[Data section — start]
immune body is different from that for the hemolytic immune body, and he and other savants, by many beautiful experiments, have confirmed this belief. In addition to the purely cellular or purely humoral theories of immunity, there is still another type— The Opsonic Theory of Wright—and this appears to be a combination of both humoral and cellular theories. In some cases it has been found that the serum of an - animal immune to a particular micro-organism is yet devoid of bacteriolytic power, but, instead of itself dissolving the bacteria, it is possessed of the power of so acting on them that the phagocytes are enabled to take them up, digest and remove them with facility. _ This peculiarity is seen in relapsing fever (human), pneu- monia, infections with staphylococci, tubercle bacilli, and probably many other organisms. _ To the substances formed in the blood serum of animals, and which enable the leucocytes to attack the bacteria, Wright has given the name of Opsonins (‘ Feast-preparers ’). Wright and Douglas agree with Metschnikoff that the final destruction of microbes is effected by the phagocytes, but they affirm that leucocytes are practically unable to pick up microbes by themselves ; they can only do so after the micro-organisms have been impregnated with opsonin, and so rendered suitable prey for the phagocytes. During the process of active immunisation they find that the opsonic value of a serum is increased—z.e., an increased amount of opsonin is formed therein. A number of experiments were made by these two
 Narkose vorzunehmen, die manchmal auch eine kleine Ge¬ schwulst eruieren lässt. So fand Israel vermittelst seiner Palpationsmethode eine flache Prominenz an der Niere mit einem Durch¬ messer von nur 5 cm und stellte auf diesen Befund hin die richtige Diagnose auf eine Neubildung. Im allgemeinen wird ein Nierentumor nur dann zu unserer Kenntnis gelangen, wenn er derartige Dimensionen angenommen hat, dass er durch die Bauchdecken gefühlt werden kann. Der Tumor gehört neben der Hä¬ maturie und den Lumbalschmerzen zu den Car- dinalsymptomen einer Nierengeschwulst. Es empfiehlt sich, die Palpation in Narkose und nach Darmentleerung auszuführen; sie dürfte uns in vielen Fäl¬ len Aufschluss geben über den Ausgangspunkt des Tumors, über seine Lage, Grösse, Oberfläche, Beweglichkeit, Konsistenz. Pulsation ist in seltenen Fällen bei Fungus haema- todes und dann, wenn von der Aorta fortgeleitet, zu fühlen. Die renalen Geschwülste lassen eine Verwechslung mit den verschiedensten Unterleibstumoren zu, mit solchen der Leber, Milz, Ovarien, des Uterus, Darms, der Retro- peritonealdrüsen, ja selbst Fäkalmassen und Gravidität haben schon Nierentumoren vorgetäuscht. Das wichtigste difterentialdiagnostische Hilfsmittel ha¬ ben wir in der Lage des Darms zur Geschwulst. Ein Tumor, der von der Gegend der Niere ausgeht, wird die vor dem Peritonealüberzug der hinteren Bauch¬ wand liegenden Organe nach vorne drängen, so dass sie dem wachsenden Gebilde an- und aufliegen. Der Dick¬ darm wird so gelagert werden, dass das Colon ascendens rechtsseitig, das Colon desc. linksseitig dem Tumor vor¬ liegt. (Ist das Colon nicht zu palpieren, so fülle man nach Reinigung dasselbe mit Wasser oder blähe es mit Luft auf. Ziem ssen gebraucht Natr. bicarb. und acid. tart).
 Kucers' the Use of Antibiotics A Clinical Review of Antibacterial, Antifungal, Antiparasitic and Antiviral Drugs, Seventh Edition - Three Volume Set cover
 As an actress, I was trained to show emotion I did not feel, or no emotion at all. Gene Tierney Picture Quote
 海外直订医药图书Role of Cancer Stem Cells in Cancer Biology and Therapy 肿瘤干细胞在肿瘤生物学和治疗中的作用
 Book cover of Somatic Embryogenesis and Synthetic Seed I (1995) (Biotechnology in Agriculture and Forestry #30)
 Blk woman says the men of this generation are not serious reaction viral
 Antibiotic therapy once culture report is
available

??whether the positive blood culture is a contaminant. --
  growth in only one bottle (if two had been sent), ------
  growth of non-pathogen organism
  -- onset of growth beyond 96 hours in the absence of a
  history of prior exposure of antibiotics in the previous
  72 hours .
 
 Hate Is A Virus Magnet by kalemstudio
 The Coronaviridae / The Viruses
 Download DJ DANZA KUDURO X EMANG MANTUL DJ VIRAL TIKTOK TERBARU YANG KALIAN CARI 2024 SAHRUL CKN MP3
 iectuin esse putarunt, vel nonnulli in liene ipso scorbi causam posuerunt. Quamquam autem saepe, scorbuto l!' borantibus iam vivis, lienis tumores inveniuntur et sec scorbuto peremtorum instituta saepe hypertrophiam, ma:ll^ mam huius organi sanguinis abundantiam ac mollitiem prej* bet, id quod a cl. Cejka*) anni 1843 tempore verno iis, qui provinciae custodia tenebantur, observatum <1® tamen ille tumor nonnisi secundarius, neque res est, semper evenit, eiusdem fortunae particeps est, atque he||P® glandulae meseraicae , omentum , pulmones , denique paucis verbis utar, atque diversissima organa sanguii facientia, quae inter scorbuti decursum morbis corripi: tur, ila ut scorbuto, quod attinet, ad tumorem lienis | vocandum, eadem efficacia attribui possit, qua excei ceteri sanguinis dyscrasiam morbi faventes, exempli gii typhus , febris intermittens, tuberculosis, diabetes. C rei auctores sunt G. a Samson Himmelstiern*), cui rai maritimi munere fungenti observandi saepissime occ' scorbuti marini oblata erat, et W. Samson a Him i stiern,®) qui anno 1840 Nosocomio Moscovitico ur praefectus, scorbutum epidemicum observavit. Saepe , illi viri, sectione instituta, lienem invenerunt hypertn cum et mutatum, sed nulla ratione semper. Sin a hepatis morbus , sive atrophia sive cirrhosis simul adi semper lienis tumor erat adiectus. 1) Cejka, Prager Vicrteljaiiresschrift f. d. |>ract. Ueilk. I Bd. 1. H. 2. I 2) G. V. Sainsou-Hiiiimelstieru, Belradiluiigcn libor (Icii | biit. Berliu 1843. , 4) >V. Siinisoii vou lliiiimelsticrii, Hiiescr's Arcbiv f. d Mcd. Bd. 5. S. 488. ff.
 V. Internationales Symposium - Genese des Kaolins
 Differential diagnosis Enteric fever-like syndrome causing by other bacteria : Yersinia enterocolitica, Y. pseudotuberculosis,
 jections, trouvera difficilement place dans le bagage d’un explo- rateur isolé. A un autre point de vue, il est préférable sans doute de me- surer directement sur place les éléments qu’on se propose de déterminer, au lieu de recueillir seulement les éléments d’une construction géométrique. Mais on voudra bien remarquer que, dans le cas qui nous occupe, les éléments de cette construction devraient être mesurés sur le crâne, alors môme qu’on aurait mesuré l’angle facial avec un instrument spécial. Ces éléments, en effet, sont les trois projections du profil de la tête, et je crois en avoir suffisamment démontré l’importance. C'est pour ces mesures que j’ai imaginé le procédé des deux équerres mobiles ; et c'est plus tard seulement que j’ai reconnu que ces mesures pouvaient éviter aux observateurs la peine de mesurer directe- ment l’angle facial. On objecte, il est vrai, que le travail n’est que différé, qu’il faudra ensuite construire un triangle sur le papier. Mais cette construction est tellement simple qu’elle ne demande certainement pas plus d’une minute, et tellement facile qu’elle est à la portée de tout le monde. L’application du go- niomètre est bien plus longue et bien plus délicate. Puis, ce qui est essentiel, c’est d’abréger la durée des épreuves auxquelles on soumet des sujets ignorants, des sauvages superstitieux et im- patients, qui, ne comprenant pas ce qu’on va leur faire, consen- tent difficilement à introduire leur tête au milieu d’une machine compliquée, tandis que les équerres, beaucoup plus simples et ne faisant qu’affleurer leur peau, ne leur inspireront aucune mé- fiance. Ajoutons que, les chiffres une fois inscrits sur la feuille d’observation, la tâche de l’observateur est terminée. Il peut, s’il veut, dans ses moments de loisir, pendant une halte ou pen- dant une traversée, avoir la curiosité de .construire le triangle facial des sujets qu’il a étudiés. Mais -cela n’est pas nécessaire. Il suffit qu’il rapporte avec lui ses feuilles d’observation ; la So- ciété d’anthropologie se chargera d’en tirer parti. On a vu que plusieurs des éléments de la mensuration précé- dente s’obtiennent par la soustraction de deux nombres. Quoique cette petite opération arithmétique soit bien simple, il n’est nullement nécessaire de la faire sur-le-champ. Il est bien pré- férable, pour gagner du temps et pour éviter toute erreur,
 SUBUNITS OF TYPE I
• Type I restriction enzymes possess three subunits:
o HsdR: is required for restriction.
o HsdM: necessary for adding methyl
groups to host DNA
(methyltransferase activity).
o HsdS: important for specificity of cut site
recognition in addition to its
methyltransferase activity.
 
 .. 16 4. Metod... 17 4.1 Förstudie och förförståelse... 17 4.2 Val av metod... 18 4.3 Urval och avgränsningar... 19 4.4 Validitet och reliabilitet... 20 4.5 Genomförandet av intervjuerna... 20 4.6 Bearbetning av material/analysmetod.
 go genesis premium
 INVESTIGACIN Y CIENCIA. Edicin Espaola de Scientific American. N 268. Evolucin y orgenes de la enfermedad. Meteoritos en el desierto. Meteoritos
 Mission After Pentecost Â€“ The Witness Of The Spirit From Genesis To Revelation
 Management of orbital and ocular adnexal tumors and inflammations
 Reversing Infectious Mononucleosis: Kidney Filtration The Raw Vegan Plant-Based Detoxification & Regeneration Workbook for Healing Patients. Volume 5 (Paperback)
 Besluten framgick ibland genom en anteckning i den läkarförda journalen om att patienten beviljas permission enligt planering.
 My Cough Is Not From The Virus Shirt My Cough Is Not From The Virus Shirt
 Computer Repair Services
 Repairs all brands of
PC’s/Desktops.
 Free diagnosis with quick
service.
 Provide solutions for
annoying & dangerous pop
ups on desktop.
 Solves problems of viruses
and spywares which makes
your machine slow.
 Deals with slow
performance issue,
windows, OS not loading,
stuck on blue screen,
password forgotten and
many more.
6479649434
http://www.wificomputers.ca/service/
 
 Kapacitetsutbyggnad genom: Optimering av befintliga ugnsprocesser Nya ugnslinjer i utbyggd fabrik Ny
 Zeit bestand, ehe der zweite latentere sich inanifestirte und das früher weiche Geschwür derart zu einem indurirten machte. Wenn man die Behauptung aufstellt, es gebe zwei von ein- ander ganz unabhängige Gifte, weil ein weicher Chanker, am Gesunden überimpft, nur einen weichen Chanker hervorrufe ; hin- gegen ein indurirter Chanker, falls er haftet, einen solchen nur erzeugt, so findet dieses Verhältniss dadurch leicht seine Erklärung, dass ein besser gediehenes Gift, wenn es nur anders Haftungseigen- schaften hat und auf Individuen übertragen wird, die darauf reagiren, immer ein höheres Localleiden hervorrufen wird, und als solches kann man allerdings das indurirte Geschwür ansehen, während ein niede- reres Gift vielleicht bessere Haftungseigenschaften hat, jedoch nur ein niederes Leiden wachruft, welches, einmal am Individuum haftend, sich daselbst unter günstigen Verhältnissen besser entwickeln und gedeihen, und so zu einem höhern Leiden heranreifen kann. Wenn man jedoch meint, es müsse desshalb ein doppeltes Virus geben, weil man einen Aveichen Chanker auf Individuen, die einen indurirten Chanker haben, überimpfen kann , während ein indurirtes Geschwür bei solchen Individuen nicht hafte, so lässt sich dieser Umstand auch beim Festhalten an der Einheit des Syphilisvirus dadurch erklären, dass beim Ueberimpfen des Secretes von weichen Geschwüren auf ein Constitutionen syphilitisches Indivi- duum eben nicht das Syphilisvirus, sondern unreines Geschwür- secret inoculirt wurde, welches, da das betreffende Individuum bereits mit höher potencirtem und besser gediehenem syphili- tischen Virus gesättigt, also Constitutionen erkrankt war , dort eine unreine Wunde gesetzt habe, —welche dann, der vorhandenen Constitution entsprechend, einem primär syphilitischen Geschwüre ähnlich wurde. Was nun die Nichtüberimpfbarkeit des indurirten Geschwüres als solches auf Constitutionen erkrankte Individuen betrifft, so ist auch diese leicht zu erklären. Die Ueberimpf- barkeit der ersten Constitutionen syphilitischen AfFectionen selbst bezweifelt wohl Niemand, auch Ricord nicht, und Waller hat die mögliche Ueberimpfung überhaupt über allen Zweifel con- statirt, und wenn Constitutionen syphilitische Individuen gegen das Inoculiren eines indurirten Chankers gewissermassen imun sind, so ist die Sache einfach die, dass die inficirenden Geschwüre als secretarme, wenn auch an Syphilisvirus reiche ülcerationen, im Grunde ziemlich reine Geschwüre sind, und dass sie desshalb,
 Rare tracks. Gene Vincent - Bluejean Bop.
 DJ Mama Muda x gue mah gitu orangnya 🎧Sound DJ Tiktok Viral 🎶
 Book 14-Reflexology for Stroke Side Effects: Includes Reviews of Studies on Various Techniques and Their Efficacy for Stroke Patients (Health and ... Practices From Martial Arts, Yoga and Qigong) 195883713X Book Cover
[Data section — finish]
# What you have to do:
From the entries above, write out only the lines starting at the line that holds "海外直订医药图书Role of Cancer" and ending at the line that holds "Download DJ DANZA", keeping both and matching them exactly.

# Expected answer:
 海外直订医药图书Role of Cancer Stem Cells in Cancer Biology and Therapy 肿瘤干细胞在肿瘤生物学和治疗中的作用
 Book cover of Somatic Embryogenesis and Synthetic Seed I (1995) (Biotechnology in Agriculture and Forestry #30)
 Blk woman says the men of this generation are not serious reaction viral
 Antibiotic therapy once culture report is
available

??whether the positive blood culture is a contaminant. --
  growth in only one bottle (if two had been sent), ------
  growth of non-pathogen organism
  -- onset of growth beyond 96 hours in the absence of a
  history of prior exposure of antibiotics in the previous
  72 hours .
 
 Hate Is A Virus Magnet by kalemstudio
 The Coronaviridae / The Viruses
 Download DJ DANZA KUDURO X EMANG MANTUL DJ VIRAL TIKTOK TERBARU YANG KALIAN CARI 2024 SAHRUL CKN MP3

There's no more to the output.